Поскольку речь зашла о ненасытности, думаю, будет уместно вспомнить ещё об одном курьёзном случае из темы «поесть вкусненько». Однажды мы с моей дочерью, уже достаточно взрослой, зашли в продуктовый магазин. До зарплаты оставалось около двух недель, но продукты в доме были запасены. А у нас был семейный праздник, и надо было купить тортик для нашего события. В то время такой тортик стоил примерно рубля три или предельно – четыре, если уж был очень необычайный: конечно, речь идёт только о бисквитах.

Подойдя к кондитерскому отделу, мы на какой-то момент потеряли дар речи: в холодильнике прилавка за стеклом стоял красивейший, огромнейший торт-гигант (по нашим представлениям). Конечно, он был царём всех тортов бисквитного сословия и затмевал своей красотой всех собратьев, стоявших рядом. Прежде всего, он был огромным! В нём было не меньше шести килограммов! Был он круглым и высоким. Крем на нём был разнообразнейших оттенков, мастерски гармонирующих между собой. Цвета были и яркие, и пастельные. Он был многоярусным, и всё это прекрасно сочеталось между собой по форме, по украшениям и цветам раскраски!

Но самым восхитительным, что захватывало дух, были фрукты, разложенные по поверхности торта: груши, яблоки, виноград, клубника и другие красивости помельче! Но главное в том, что вся эта красота была только кондитерской! Ничего натурального с деревьев или с кустов там не было, но выглядело так натурально, что только подтверждение продавщицы развеяло наши сомнения!

Стоил этот красавец аж двенадцать рублей! По-видимому, он был сделан «на заказ», но в последний момент его не выкупили, и поэтому он был выставлен на продажу…

Понятно, что мы с дочерью захотели этот шедевр увидеть на своём праздничном столе. Конечно, это понятно любому, кто не равнодушен к кондитерским изделиям, но…

В моём кармане была одна бумажка ценой всего десять рублей. Правда, ещё была какая-то мелочь, но на два рубля её не хватало.

В то время дочь училась в техникуме, и у неё были деньги, которые я ей выделял для собственных нужд, но об этих деньгах я даже не вспоминал, поскольку всегда был уверен, что жить надо только на свои. Однако, дочь меня уговорила, и я выскреб всю свою наличность, а недостающее добавила она.

Так, во второй раз в своей жизни, я встретился с чудом кондитерского искусства. Конечно, это был не шоколадный заяц с меня ростом, как в детстве, но этот гигант был тоже достоин, чтобы его и взрослому человеку запомнить на всю жизнь!

Когда наступил торжественный момент, мы отделили каждому в нашей семье по приличному куску бисквита с украшениями.
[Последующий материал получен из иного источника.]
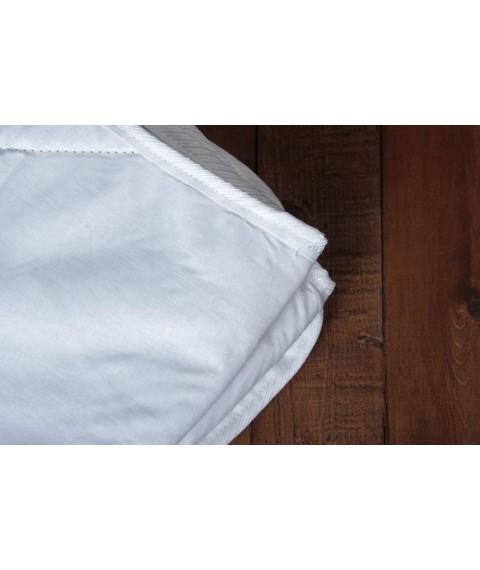 Linen mattress topper (cotton fabric) size 60x120 cm, cream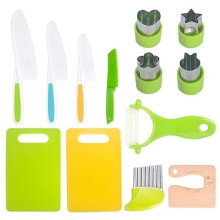 Montessori children's knife set, 13 pcs.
Куски были большими и радовали глаз и душу кондитерских гурманов, но, уже доедая свои порции, мы поняли, что все наелись и в ближайшие, как минимум, сутки к стоящему на столе красавцу кроме, как зрительно, у нас нет ни малейшего желания обращаться с блюдцем и ложечкой для насыщения шедевром.

А на столе высилась бисквитная гора, мало уменьшившаяся в объёме, которую и спрятать для хранения было некуда: в холодильник это чудо влезать не захотело бы…

Я с тоской смотрел на сладкую, красивую, но уже невкусную проблему, которую сам себе создал, поверив порыву, а не разуму в магазине…

Вспомнился борщ, приготовленный когда-то давно моим отцом ещё в коммунальной нашей жизни, вспомнил, как стоически он ел тот борщ, исправляя своё упущение. Представил, что будет, если я смогу съесть несъедаемое…

Но пришло озарение. Я сходил на кухню, потом отрезал себе ещё один кусок красоты и стал есть его, периодически ныряя в небольшую баночку чайной ложечкой.

Семья смотрела на меня во все глаза, думая, наверное, что у меня от сладкого повредился рассудок. Но когда я положил на свою тарелочку четвёртый кусище несъедаемой красоты, все заметили, что гора вкуснятины медленно, но всё же уверенно исчезает во мне! Насмешки и удивление прекратились. А когда я взял себе пятый кусок, семья не выдержала и тоже накинулась на торт, который ещё несколько минут назад есть не могла!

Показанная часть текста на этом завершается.